All of these time-shaping practices bear grace and wisdom for people who desperately need sources of resistance to the inhumane system of time that is gaining an ever tighter hold on everyday life.
All of these time-shaping practices bear grace and wisdom for people who desperately need sources of resistance to the inhumane system of time that is gaining an ever tighter hold on everyday life. If they are to be viable, these practices must be freshly appropriated and adapted to a wide range of specific contexts. Living them will not be easy, especially at first: these practices are countercultural. But happily the process does not need to begin from scratch, for these practices are already present in at least rudimentary form in every Christian congregation today. What is needed is awareness, and intentionality, and creativity, and gratitude, as those who already inhabit them a little grow stronger in perceiving and embodying the grace they hold.

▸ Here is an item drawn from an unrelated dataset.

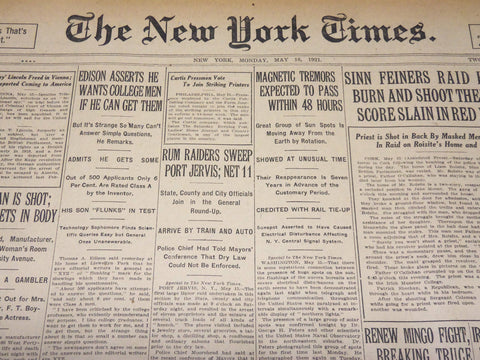 1921 MAY 16 NEW YORK TIMES NEWSPAPER - EDISON WANTS COLLEGE MEN - NT 7850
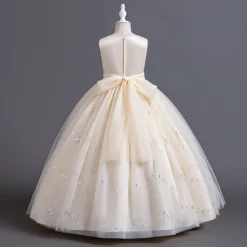 Flower Girl Dress Kid's Girls' Princess Dress Performance Wedding Party Elegant Beautiful Sequins Mesh Solid Color Sleeveless Crew Neck White Champagne 4 years+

As I’ve lived my way into these ways of understanding time, I’ve come to see that sabbath and other intentional practices offer far more than an opportunity for rest and worship, as important as those are. When we allow these practices to shape our lives, we resist the 24/7/365 rhythms of the global marketplace. Even more important, we become more fully aware of who and Whose we really are. This does not necessarily give us more time. However, it does form us into people who see the world differently because some of the time in which we dwell talks the truth of God. Within this kind of time, we embrace the freedom with which Christ has set us free. We expand our capacity to understand ourselves and the world as belonging to the merciful and eternal One who graciously meets us within time itself.